A time of “national perverseness”? Check.

And who better than the near-mythological figure Abraham Lincoln to remind us that even when things seem to be falling apart–the Civil War gets more points on that score than our own–it’s important to make time to give it all a rest and be thankful for what the earth has provided and for all of us who are still here in good health to enjoy it together.

We are not engaged in Civil War, but it has been a year of catastrophe. Many Americans who were alive last Thanksgiving aren’t alive today, whether from natural disaster like the California fires, or manmade disaster, like the 35,000 Americans who die from gun violence every year.

So take a deep breath and savor the day.

From Abe’s proclamation of Thanksgiving as an official holiday, which appeared in The Atlantic in 1863.

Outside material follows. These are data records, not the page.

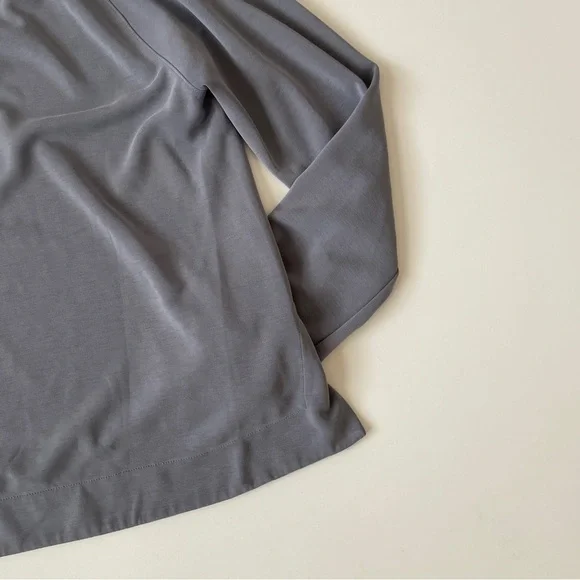 Athleta Seasoft Crewneck Sweatshirt in COSMOS gray blue, Size XS - Picture 15 of 16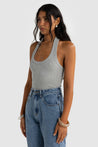 ORTC Sunday Halter Tank - Grey Marle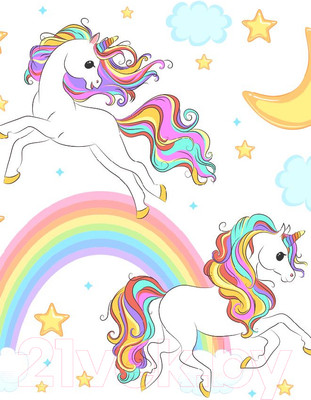 Фотообои листовые Arthata Fotooboi-Edinorog-98 (200x270)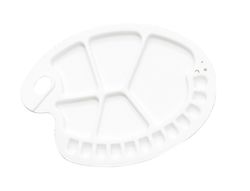 Paleta Plastico Lidercolor Ovalada 17 Huecos Diestros Tamaño 30X35Cm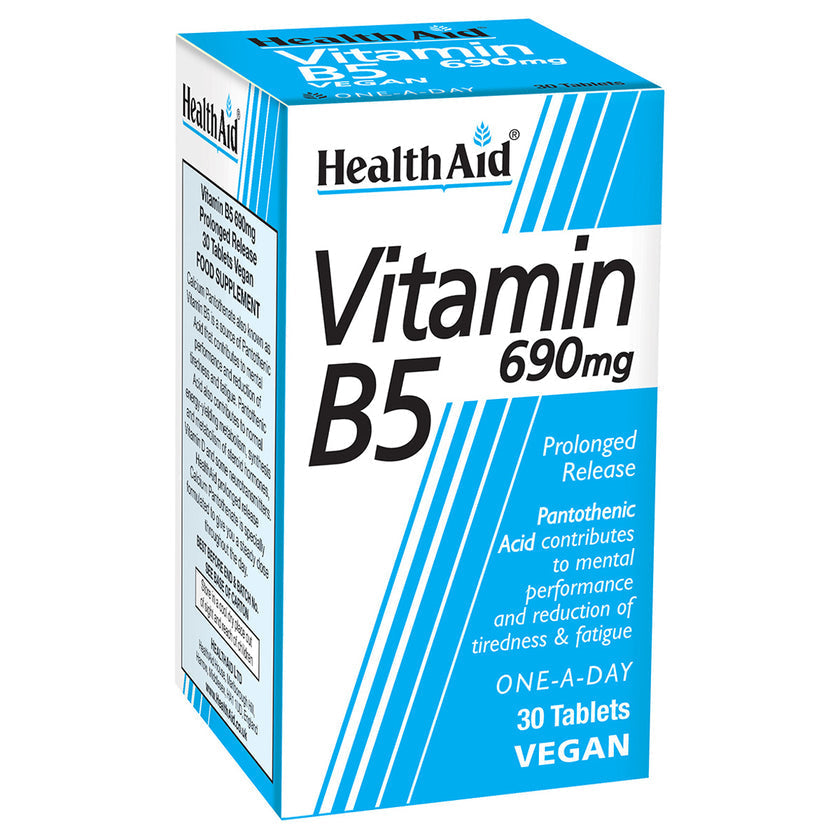 HealthAid Vitamin B5 690mg (Calcium Pantothenate) Tablets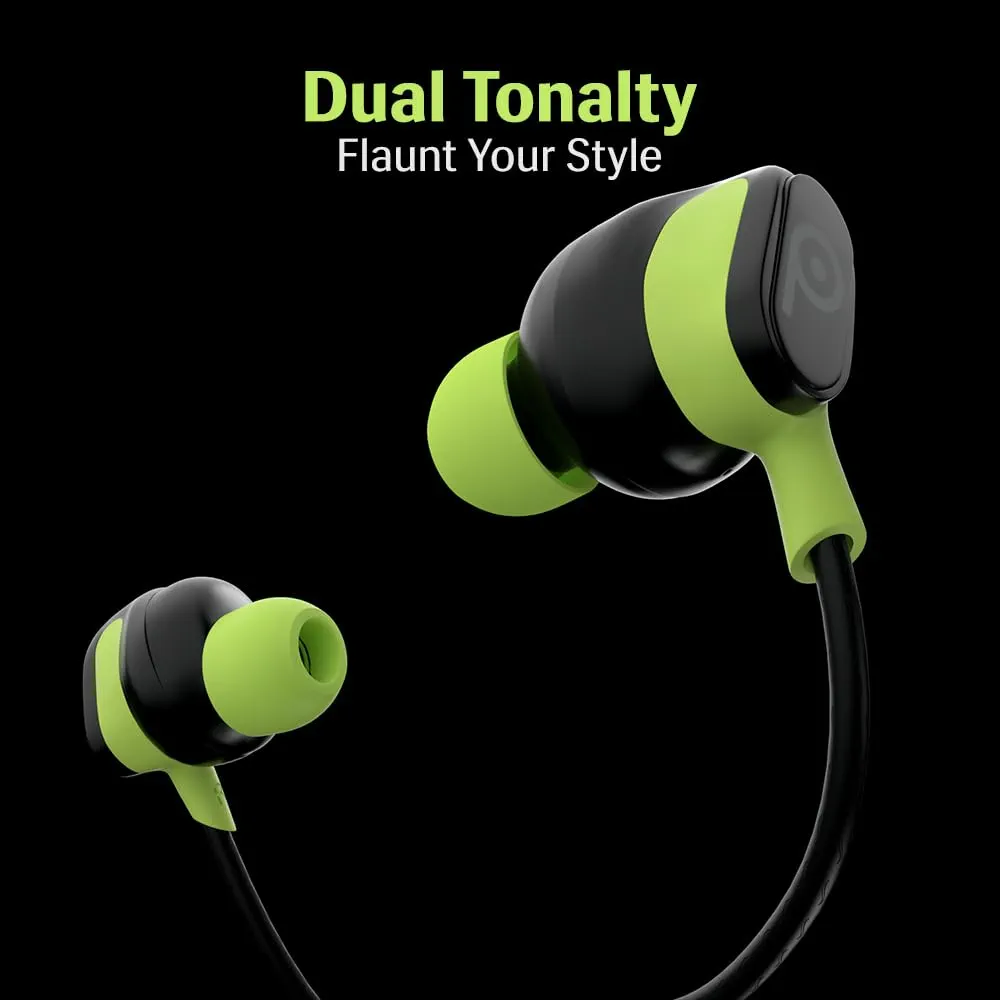 In-Ear Earphone with 12mm Bass Boosted Copper Driver, Type-C Jack & Mic (Black)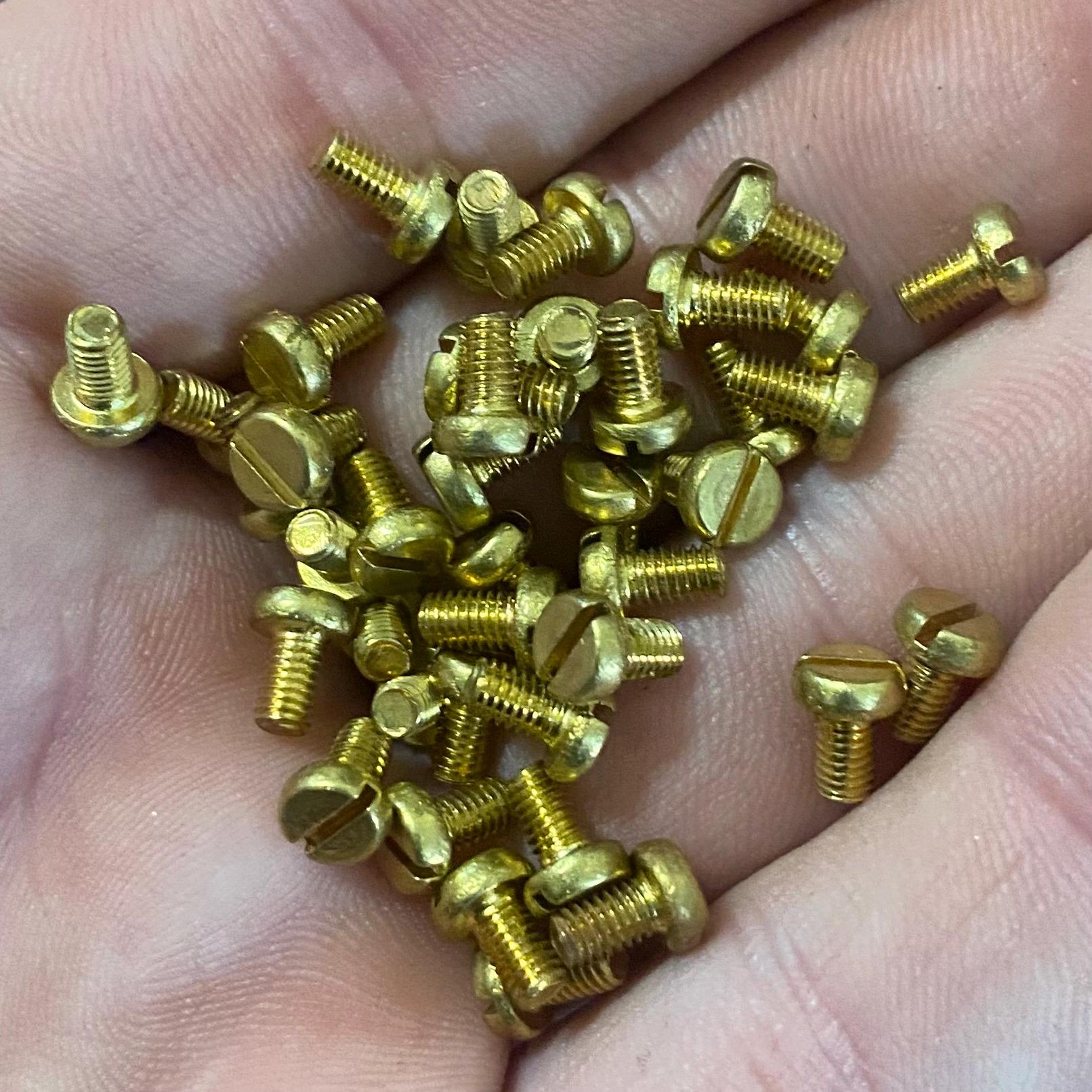 Spyderco Tenacious Ambitious Persistence Resilience • Pocket Clip Screws 3x Slotted BRASS Screws Works On Spyderco Models In Description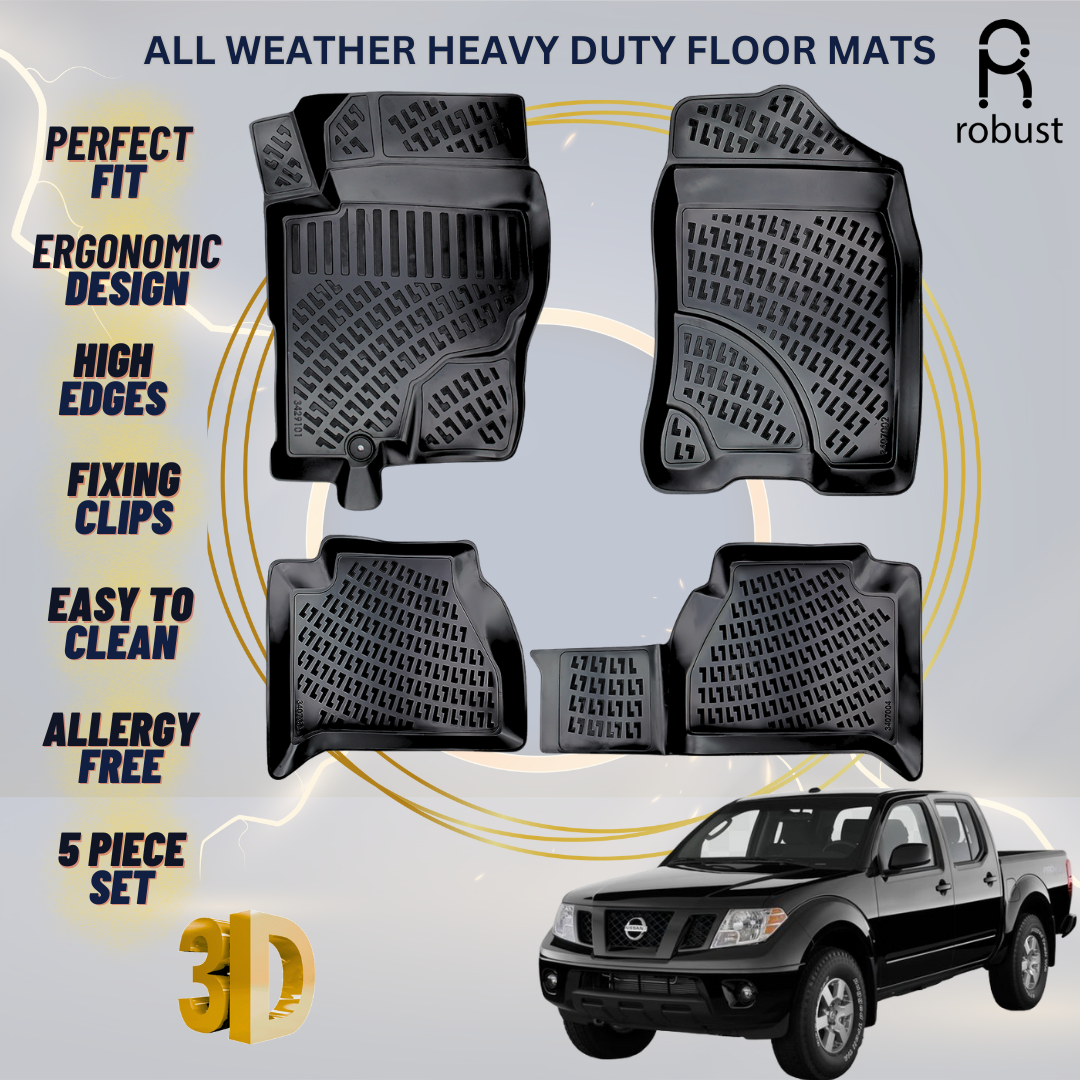 Floor Mats Liners For Nissan Frontier 2005-2013 All Weather Heavy Duty Car Rugs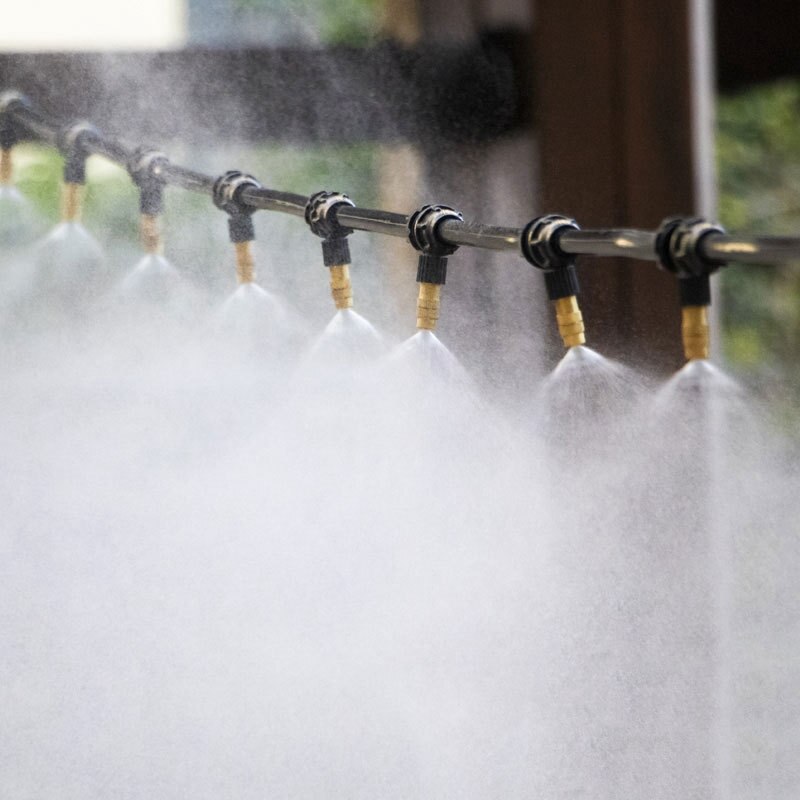 Vanntåke kjølesystem tåkesprinklerdyse utendørs hage terrasseplanter sprøyteslange vanningssett
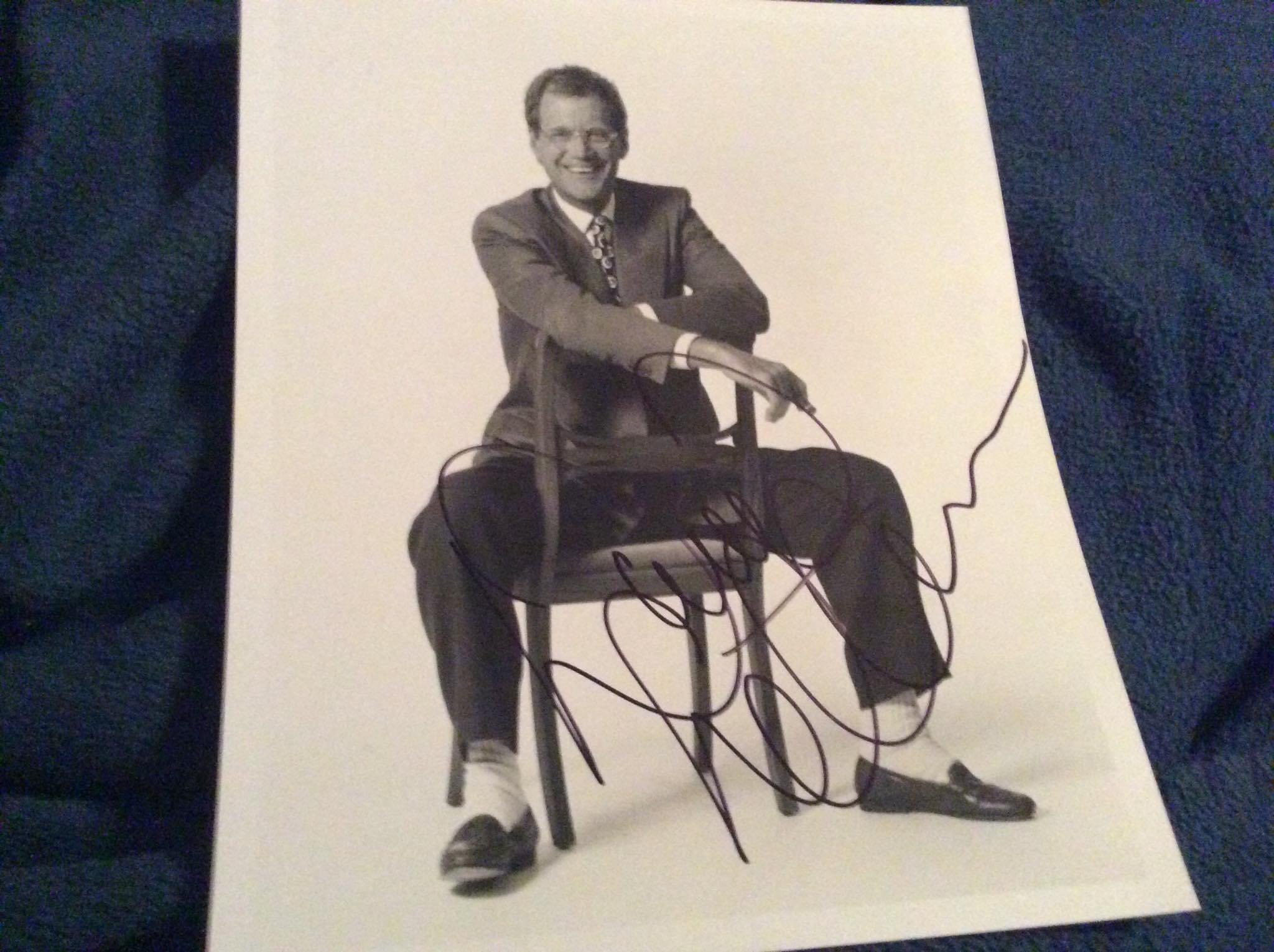 Happy Birthday to David Letterman today. Got this signed pic years ago.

It has seemed to be fit and proper that they should be solemnly, reverently, and gratefully acknowledged as with one heart and voice by the whole American people; I do, therefore, invite my fellow-citizens in every part of the United States, and also those who are at sea, and those who are sojourning in foreign lands, to set apart and observe the last Thursday of November next as a Day of Thanksgiving and Prayer to our beneficent Father who dwelleth in the heavens. And I recommend to them that, while offering up the ascriptions justly due to Him for such singular deliverances and blessings, they do also, with humble penitence for our national perverseness and disobedience, commend to His tender care all those who have become widows, orphans, mourners, or sufferers in the lamentable civil strife in which we are unavoidably engaged, and fervently implore the interposition of the Almighty hand to heal the wounds of the nation, and to restore it, as soon as may be consistent with the Divine purposes, to the full enjoyment of peace, harmony, tranquility, and union.

If you don’t pray to God, Abe’s rumbling, periodic sentence still works–give thanks to whatever forces at work in the universe remind you that you’re just a small part of things, but a small part capable of gratitude.

Have a great day, everybody!

2 comments

  1. The first official “Day of Thanksgiving” was proclaimed in 1637 by Massachusetts Governor John Winthrop. He did so to celebrate the safe return of English colony men from Mystic, Connecticut. They massacred 600 Pequots that had laid down their weapons and accepted Christianity. They were rewarded with a vicious and cowardly slaughter by their new “brothers in Christ.